Tools

Everything Deadrop does in the browser, you can do from a terminal or your own infrastructure. One normative spec, one set of published test vectors, four implementations that all speak it: this site, the CLI, the self-host server, and the crypto library they share.

CLI

Send, receive, request, and claim one-time secrets from any shell. Encryption happens locally; the server only ever sees ciphertext — same guarantee as the website.

npm install -g @deadrop/cli

deadrop send "the secret"                # one-time link, burns on open
deadrop receive "<url>"                  # open and burn
deadrop request "staging DB password"    # ask someone for a secret
deadrop fulfill "<request-url>"          # answer a request
deadrop claim "<claim-url>"              # collect the answer (burns it)

Pipes work the way you'd hope (cat .env | deadrop send), output has --json and --quiet modes for scripting, and passwords prompt without echo. Source on GitHub · npm

Self-host server

Don't want to trust our infrastructure? Don't. The server is a single static Go binary in a ~10 MB image — SQLite storage, no external dependencies, full protocol including the request flow.

docker run -d --name deadrop \
  -p 8080:8080 \
  -v deadrop-data:/data \
  ghcr.io/deadrop-dev/server:latest

deadrop send -s http://localhost:8080 "now it never leaves your network"

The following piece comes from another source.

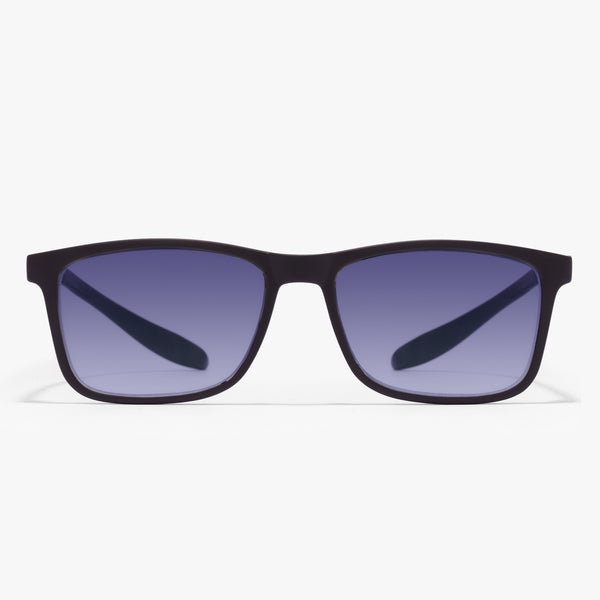 Leo - schwarze Sonnenbrille mit graue Verlauf Gläser | Schwarz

The CLI and the web client work against any server that honors the spec — point them at yours with -s or DEADROP_SERVER. Source on GitHub

Crypto library

The exact package this site runs in your browser — AES-256-GCM, PBKDF2 password derivation, and the ECDH request flow, built on the Web Crypto API with zero dependencies. Published test vectors pin every implementation to the same bytes.